I take this to be generally true, but I think there is one distinction to be made: most people do not assume that white crime, black crime, or Muslim crime is reflective of the entire ethnic group. What we are talking about here is a group of people coming into the country new, who are seen to be, erroneously or not, as high offenders. Many years ago, a council estate was built in my home town and it was populated with people brought in from high crime areas of Manchester, and once they arrived crime went up. Is it prejudice to show concern about that population being there? I think not. It certainly didn't mean that we all felt people from Manchester were criminals.
For me, the trick here is not to attack these people for being racist (either they are and don't care, or aren't and find it offensive or even just plain baffling that you would call them that in the first place), surely it's better to unite people by focusing on what they have in common which is economics, because actually, it's through economics that both groups are made to suffer. (And I'm certainly not advocating turning a blind eye to racism).

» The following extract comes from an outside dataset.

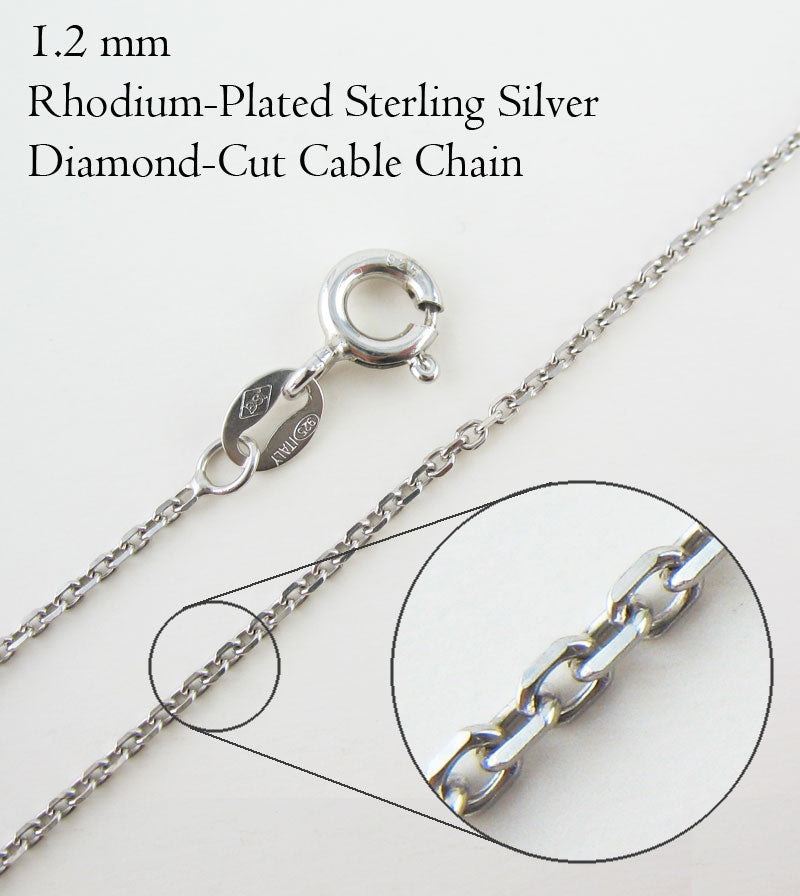 1.2 mm Diamond-Cut Cable Chain, Rhodium-Plated Sterling Silver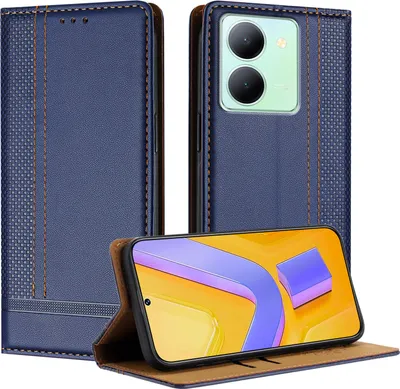 Produktbild von Handyhülle für Vivo Y27 5G Leder Flip Klappbare Schutzhülle mit Standfunktion Blau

I get your point about the silence of white working classes when black or Hispanic communities were / are under threat, that is indeed an hypocrisy, but not an unsurprising one since most people don't get upset until something touches them personally, but it could also be an American thing, because working class communities in Britain have a strong tradition of fighting racism and standing up to bullies, such as when the East End of London saw off Oswald Mosely and his black shirts. I don't even think the rise of UKIP here in Britain has much to do with race really, but disaffection, and a feeling that they've been deserted by parties which do have strong anti-racist traditions. If there is one thing I despite Tony Blair for (ok forgetting the war) is what he did to erode the concept of class. Now its all about fucking race instead. But perhaps we are taking at cross purposes because things might be very different in the States, and my defence of what Cristo and Drayton have said, may only apply to my own country, although i still disagree with your textbook definition of racism.
EDIT - I do actually agree with your definition just with caveats.